5-1.  XOR code (MLP) with nn.Module

import torch

device = 'cuda' if torch.cuda.is_available() else 'cpu'

# for reproducibility
torch.manual_seed(777)
if device == 'cuda':
    torch.cuda.manual_seed_all(777)
    
X = torch.FloatTensor([[0, 0], [0, 1], [1, 0], [1, 1]]).to(device)
Y = torch.FloatTensor([[0], [1], [1], [0]]).to(device)

# nn layers
linear1 = torch.nn.Linear(2, 10, bias=True)
linear2 = torch.nn.Linear(10, 10, bias=True)
linear3 = torch.nn.Linear(10, 10, bias=True)
linear4 = torch.nn.Linear(10, 1, bias=True)
sigmoid = torch.nn.Sigmoid()

# model
model = torch.nn.Sequential(linear1, sigmoid, linear2, sigmoid, linear3, sigmoid, linear4, sigmoid).to(device)
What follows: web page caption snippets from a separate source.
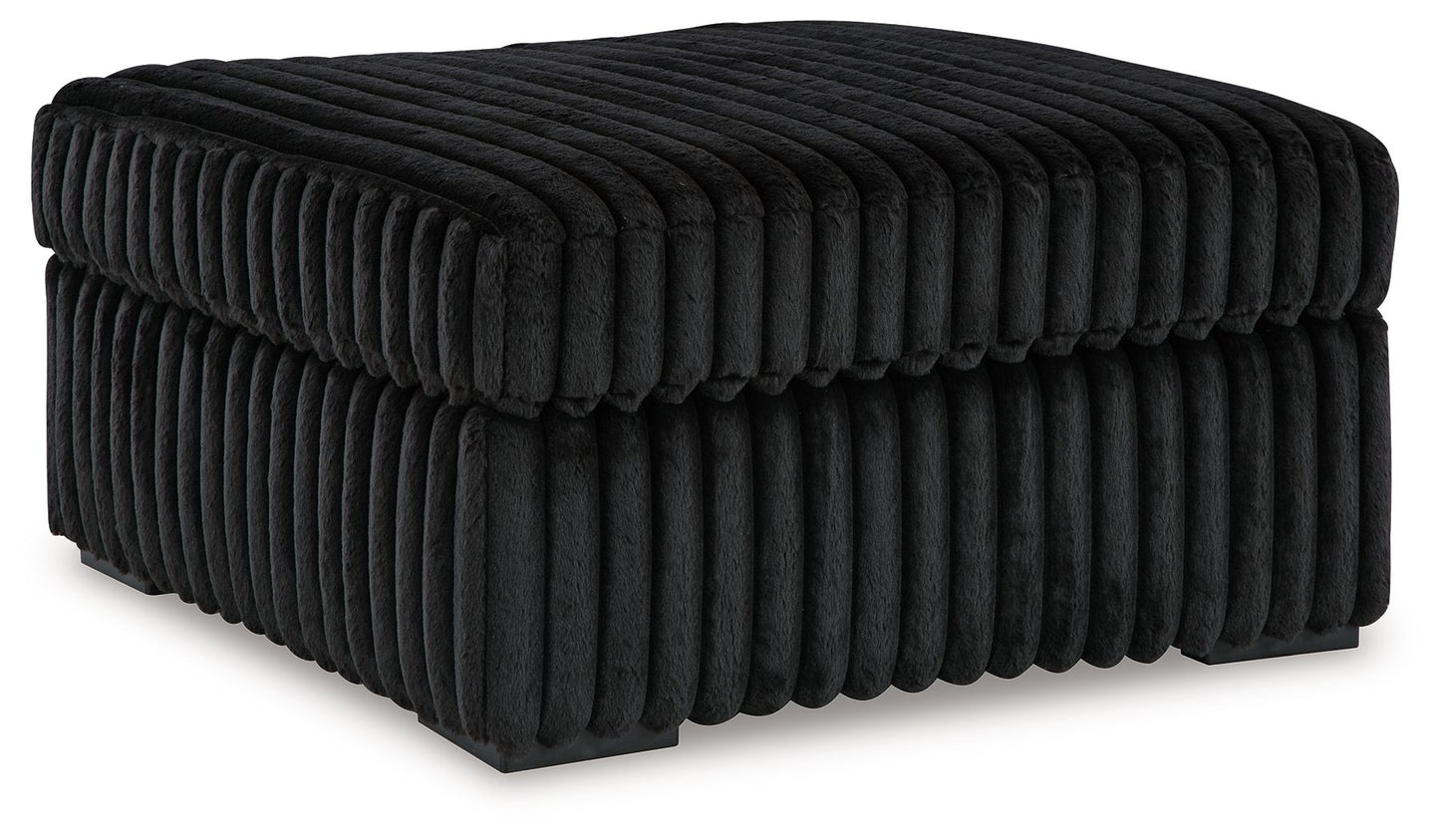 Midnight-Madness 4-piece ottoman in black plush fabric by Unique Piece Furniture on Tampa Home & Garden Store
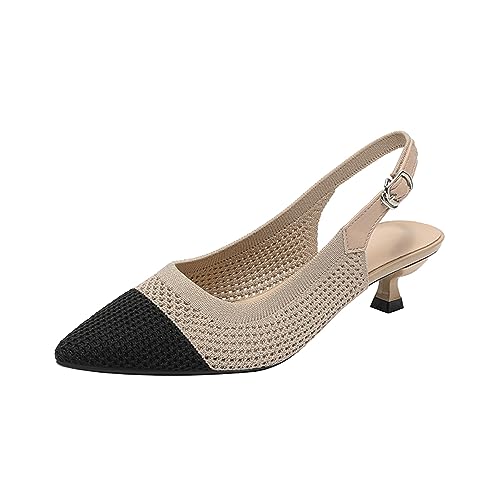 Image of youngshow Women's Slingback Kitten Heels for Work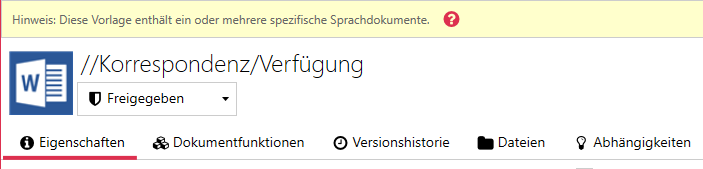 Hinweisleiste im Vorlageneditor bei einer Vorlage mit sprachspezifischen Dateien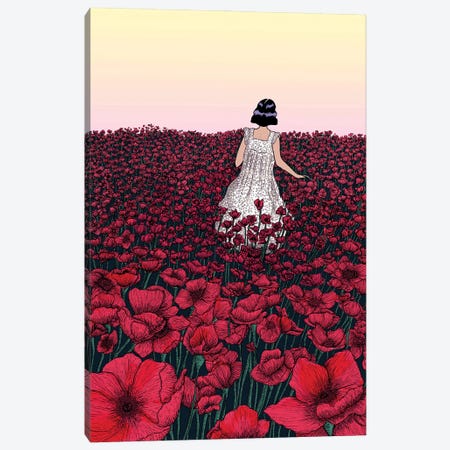 Field Of Poppies Colour Version Canvas Print #EMZ100} by Ella Mazur Art Print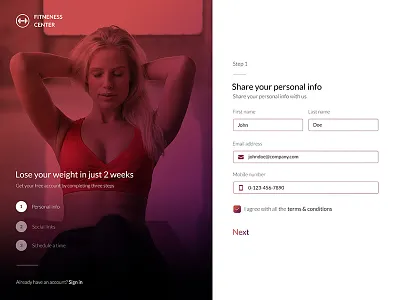 Daily ui #001 clean fitness signup signup onboarding signup progress signup steps steps ui wizard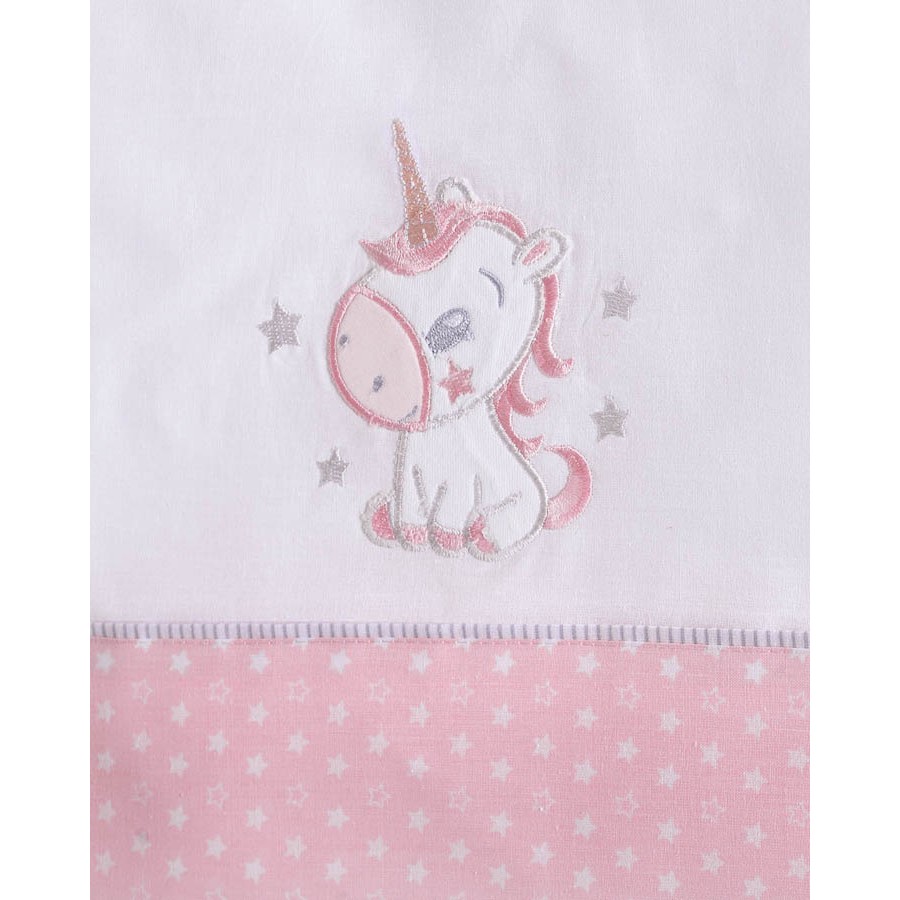 Σετ Σεντόνια Μπεμπέ Κούνιας (100x160) Με Κέντημα Βαμβακερά Rythmos Dash Ροζ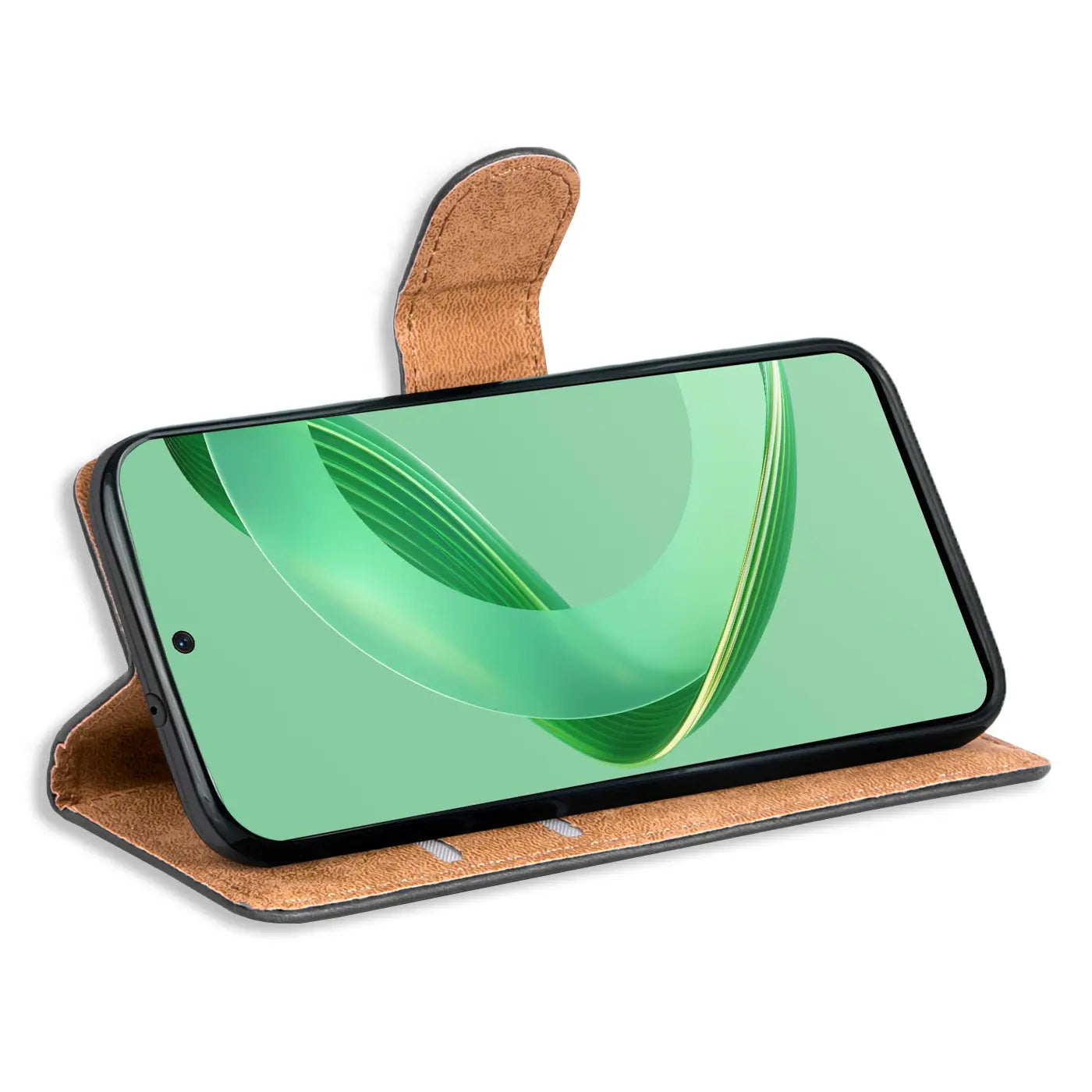 Braune Kunstleder-Klapphülle mit Kartenfächern, Huawei Nova 12 SE, Seitenansicht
# define cost/loss & optimizer
criterion = torch.nn.BCELoss().to(device)
optimizer = torch.optim.SGD(model.parameters(), lr=3)  # modified learning rate from 0.1 to 1

for step in range(10001):
    optimizer.zero_grad()
    hypothesis = model(X)

    # cost/loss function
    cost = criterion(hypothesis, Y)
    cost.backward()
    optimizer.step()

    if step % 100 == 0:
        print(step, cost.item())
        
# Accuracy computation
# True if hypothesis>0.5 else False
with torch.no_grad():
    hypothesis = model(X)
    predicted = (hypothesis > 0.5).float()
    accuracy = (predicted == Y).float().mean()
    print('\nHypothesis: ', hypothesis.detach().cpu().numpy(), '\nCorrect: ', predicted.detach().cpu().numpy(), '\nAccuracy: ', accuracy.item())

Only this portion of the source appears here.